_Work to be completed:_ Each line from the one containing "by IRIS - 1" through the last line of the records is to be repeated exactly, with all pictures left out.

_Records drawn from a dataset:_

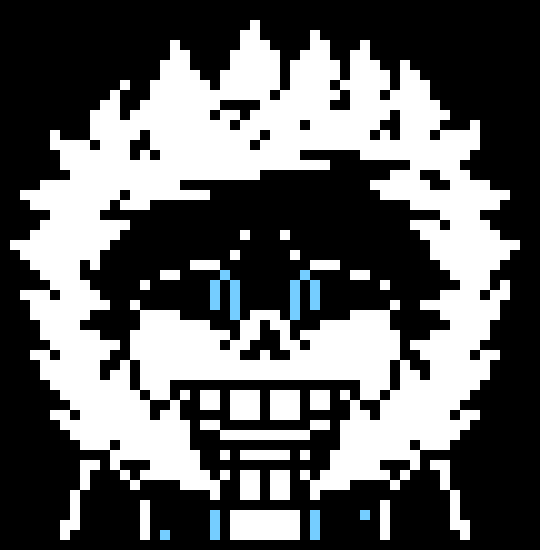 [0ae1f1] uhm please don't eat us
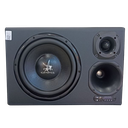 CAJA TRIO CXHC 512 CORZUS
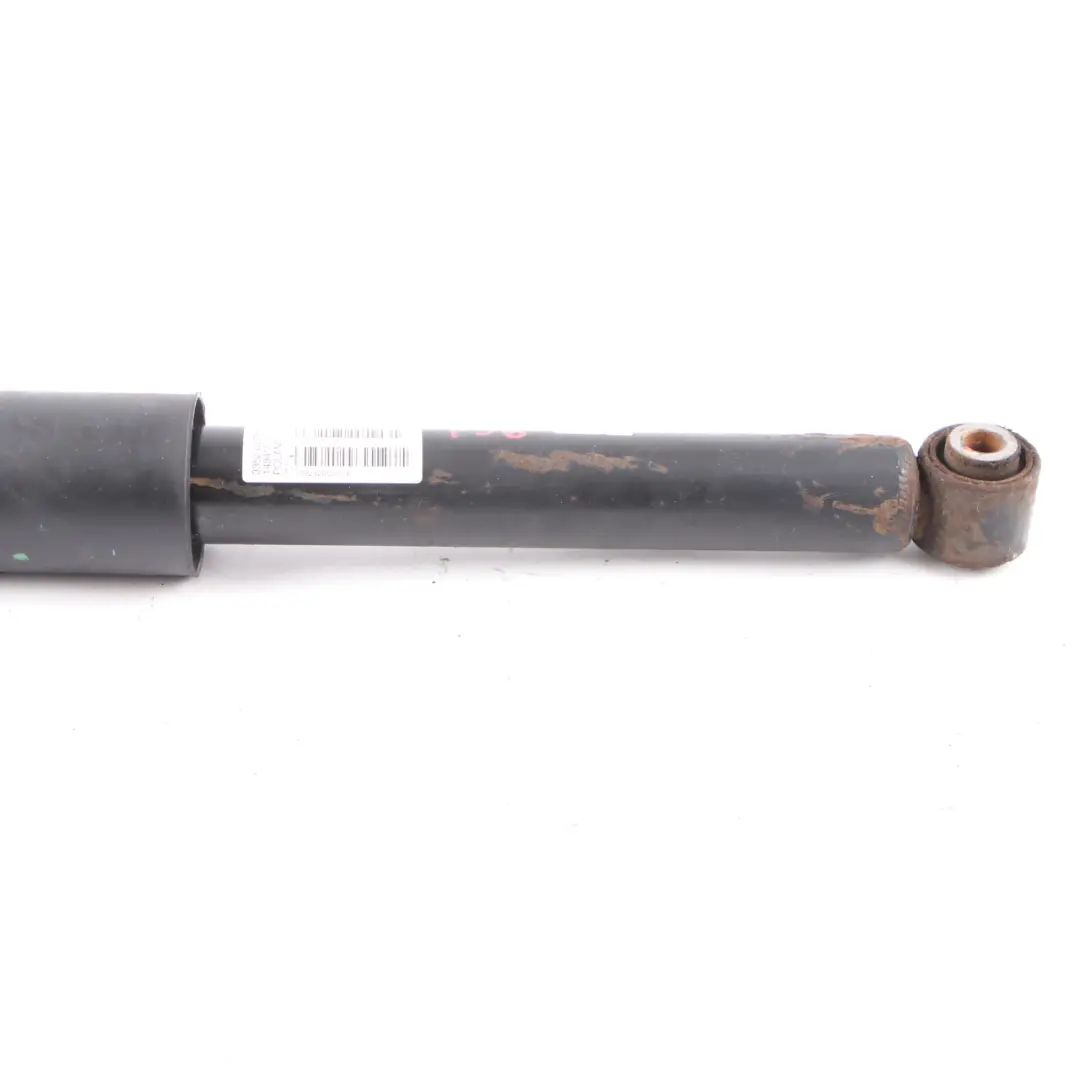 Mini Cooper One F56 Shock Absorber Rear Right Left N/O/S Shocker Damper - SKU 6879654 - Part number 6879654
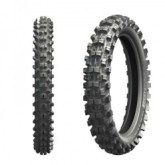 70/100R19 MICHELIN Starcross 5 SOFT TT 42 M Vasarinės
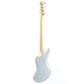 USED Psychederhythm / Psychomaster Bass Series Pale Blue [11]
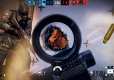 Tom Clancy’s Rainbow Six Siege X Elite Edition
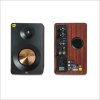 JBL 迷你音响 CM202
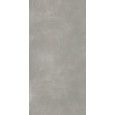 HIGHWAY MAXFINE   highway grey naturale sq. 150X100 - Iris Ceramica P1510595MF6 MAXFINE by IRIS - 1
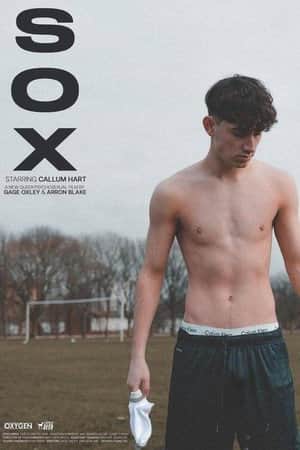 Sox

_Output:_
 HIGHWAY MAXFINE   highway grey naturale sq. 150X100 - Iris Ceramica P1510595MF6 MAXFINE by IRIS - 1
 Sox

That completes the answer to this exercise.